* **Task goal**:
Lines before the one containing "Trollbeads Trollbeads - Glass" are left out; return that line and all lines after it, exactly, through the end of the records below.

Start of Dataset excerpts

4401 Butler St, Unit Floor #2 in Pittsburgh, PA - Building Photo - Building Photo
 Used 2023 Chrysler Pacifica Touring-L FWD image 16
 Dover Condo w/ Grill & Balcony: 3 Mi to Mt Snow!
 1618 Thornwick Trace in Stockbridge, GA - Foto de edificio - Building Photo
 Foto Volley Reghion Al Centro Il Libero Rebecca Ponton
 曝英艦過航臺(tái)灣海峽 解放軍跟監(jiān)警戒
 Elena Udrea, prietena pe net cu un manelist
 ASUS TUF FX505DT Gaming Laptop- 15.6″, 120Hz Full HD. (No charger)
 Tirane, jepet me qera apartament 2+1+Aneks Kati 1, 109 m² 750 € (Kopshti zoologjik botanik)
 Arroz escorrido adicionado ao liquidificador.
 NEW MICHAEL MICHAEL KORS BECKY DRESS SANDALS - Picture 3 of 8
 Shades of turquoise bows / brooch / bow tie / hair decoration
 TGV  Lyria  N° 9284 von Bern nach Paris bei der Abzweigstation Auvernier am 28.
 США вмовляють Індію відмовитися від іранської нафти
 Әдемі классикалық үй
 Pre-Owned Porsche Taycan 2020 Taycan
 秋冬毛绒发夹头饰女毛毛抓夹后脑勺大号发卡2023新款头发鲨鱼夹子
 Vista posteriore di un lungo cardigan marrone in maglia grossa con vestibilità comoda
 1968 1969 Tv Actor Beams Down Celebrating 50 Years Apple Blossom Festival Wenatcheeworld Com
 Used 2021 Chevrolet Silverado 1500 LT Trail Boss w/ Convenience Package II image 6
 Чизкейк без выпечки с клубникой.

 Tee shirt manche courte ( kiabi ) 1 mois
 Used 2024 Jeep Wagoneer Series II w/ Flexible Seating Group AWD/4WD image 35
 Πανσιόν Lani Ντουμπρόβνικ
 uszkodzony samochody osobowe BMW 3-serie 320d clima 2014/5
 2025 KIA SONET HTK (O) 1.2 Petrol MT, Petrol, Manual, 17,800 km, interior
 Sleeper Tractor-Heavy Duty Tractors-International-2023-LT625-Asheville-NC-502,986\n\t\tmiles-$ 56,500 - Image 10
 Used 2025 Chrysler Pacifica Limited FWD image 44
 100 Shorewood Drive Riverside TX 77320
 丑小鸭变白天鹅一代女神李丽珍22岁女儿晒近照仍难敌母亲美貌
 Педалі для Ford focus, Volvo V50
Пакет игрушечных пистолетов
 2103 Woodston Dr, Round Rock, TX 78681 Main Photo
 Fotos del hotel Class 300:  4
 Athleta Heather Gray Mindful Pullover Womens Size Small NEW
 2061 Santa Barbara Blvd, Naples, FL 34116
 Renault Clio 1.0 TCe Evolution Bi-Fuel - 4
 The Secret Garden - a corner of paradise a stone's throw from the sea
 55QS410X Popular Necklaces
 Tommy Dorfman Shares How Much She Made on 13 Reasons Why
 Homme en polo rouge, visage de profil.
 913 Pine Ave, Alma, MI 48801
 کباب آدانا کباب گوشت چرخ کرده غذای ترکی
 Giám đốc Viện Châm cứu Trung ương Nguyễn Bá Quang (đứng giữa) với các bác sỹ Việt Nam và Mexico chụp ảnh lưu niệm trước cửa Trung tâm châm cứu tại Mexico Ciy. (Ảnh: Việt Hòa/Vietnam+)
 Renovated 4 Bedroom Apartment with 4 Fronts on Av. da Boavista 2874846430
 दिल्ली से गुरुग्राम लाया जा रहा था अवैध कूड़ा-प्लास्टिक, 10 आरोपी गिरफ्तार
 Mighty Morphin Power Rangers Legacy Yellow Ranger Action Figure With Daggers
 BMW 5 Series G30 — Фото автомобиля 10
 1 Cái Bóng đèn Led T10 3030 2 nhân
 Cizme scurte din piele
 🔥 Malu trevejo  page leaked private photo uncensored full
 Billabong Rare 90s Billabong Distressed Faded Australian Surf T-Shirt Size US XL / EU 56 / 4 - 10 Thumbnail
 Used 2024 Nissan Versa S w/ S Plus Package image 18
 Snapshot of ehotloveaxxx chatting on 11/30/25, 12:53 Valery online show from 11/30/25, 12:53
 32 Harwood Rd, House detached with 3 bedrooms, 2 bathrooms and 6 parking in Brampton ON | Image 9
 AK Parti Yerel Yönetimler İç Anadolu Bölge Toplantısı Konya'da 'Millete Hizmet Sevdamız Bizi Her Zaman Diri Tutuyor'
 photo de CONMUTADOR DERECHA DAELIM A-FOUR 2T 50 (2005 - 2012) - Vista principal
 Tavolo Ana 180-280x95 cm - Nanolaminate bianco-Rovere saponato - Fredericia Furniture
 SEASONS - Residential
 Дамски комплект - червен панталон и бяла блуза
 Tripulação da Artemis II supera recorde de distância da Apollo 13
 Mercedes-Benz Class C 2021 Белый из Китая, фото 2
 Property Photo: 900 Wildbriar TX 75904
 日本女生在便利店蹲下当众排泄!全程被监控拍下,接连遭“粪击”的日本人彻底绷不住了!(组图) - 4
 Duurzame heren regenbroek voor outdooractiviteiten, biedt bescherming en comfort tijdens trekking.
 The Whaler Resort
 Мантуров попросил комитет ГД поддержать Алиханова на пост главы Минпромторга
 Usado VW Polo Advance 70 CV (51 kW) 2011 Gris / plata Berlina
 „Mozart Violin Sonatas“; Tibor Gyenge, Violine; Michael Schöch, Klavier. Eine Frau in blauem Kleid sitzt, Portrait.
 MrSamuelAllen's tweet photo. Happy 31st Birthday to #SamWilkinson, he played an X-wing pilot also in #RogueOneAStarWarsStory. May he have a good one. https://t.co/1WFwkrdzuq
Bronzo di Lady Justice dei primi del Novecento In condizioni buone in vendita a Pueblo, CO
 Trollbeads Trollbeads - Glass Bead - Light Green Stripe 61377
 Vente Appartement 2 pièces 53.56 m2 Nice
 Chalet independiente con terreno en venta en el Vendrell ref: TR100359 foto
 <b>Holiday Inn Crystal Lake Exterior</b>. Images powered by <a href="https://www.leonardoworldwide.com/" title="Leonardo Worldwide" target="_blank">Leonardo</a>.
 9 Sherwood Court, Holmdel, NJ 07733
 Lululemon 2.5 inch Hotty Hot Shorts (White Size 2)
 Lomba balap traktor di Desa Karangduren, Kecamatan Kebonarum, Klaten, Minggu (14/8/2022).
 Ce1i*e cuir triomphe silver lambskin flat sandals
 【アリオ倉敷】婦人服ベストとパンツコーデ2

End of Dataset excerpts

* **Final answer**:
 Trollbeads Trollbeads - Glass Bead - Light Green Stripe 61377
 Vente Appartement 2 pièces 53.56 m2 Nice
 Chalet independiente con terreno en venta en el Vendrell ref: TR100359 foto
 <b>Holiday Inn Crystal Lake Exterior</b>. Images powered by <a href="https://www.leonardoworldwide.com/" title="Leonardo Worldwide" target="_blank">Leonardo</a>.
 9 Sherwood Court, Holmdel, NJ 07733
 Lululemon 2.5 inch Hotty Hot Shorts (White Size 2)
 Lomba balap traktor di Desa Karangduren, Kecamatan Kebonarum, Klaten, Minggu (14/8/2022).
 Ce1i*e cuir triomphe silver lambskin flat sandals
 【アリオ倉敷】婦人服ベストとパンツコーデ2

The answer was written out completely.